• Problem description
Without any pictures, retype exactly the lines that begin at the one holding "COACH®,Vintage Classic Station" and end at the last line of the data below.

(Collected data begins)

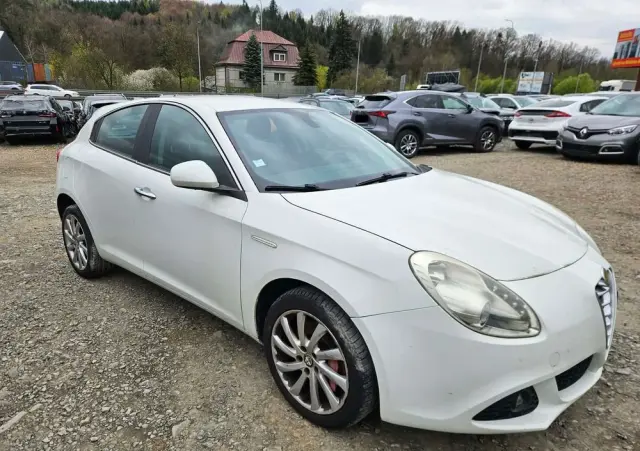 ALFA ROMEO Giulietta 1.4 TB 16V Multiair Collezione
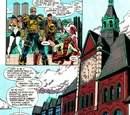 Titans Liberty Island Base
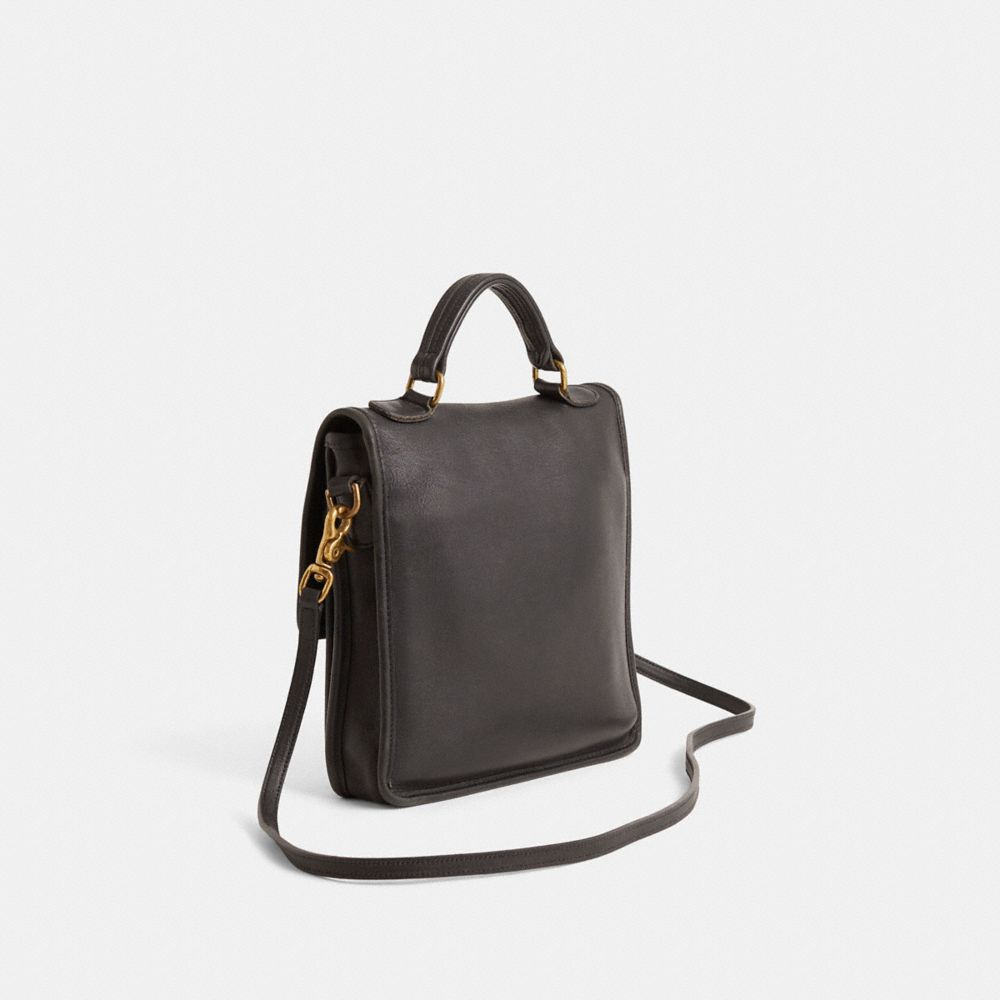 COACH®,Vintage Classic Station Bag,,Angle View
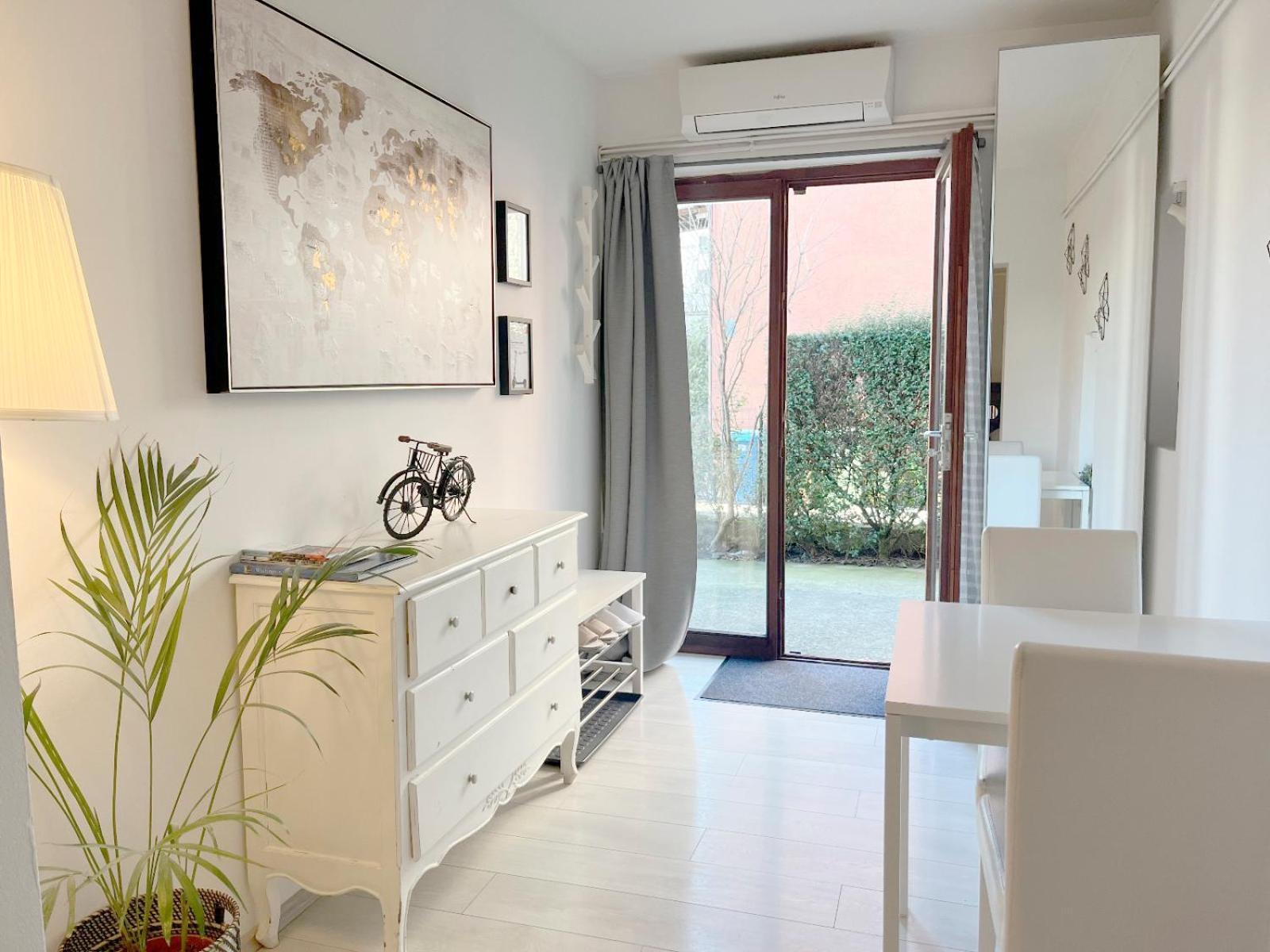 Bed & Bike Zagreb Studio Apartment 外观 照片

(Collected data ends)

• Task response
 COACH®,Vintage Classic Station Bag,,Angle View
 Bed & Bike Zagreb Studio Apartment 外观 照片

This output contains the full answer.